▽
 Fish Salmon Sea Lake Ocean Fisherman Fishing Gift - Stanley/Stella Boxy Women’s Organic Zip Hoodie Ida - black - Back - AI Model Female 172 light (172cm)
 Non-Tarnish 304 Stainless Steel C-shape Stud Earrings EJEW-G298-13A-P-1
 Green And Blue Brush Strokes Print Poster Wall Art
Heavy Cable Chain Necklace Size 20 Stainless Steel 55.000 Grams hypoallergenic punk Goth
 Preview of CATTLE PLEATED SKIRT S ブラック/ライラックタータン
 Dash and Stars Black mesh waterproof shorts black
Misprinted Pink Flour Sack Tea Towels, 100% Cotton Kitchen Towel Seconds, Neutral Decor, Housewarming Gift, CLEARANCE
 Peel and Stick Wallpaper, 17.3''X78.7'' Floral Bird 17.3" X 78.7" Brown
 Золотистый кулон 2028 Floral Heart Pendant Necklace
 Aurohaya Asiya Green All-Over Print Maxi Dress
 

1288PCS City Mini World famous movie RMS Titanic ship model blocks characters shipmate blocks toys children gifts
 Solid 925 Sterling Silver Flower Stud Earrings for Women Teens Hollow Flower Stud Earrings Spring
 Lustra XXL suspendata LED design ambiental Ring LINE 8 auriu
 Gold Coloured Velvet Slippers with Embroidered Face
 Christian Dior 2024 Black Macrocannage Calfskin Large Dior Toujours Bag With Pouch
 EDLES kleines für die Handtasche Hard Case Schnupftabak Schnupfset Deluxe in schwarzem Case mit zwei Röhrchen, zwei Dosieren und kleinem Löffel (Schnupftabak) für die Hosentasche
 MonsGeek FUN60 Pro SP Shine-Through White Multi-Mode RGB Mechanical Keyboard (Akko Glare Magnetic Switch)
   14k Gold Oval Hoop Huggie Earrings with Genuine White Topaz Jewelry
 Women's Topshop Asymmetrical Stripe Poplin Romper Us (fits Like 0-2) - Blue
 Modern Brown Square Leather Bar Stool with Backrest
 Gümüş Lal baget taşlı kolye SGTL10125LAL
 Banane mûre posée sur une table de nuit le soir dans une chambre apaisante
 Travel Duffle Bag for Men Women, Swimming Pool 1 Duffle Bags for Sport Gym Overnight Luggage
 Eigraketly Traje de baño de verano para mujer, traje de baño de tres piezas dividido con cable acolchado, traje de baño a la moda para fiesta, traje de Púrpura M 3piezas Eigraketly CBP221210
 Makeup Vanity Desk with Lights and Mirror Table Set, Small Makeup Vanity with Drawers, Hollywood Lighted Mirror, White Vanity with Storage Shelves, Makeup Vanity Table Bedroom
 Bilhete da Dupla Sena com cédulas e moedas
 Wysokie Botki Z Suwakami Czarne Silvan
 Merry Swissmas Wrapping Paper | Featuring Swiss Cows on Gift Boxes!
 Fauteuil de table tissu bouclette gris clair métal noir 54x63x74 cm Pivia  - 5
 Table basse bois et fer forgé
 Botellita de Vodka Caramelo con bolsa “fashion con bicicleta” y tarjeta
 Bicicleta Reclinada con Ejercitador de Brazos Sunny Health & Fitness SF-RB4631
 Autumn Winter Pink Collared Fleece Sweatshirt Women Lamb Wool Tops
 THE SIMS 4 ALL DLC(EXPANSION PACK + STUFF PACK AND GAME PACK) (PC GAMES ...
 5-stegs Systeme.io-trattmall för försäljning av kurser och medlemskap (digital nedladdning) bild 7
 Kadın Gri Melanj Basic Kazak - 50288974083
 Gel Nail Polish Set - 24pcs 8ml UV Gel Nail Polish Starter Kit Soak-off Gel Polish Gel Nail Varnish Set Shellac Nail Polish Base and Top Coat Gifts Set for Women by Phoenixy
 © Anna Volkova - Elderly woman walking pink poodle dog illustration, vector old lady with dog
△
WHAT YOU WILL DO ▸ In the data above, how many lines contain the string "Gold"? Answer with the number only.

TASK RESULT ▸ 2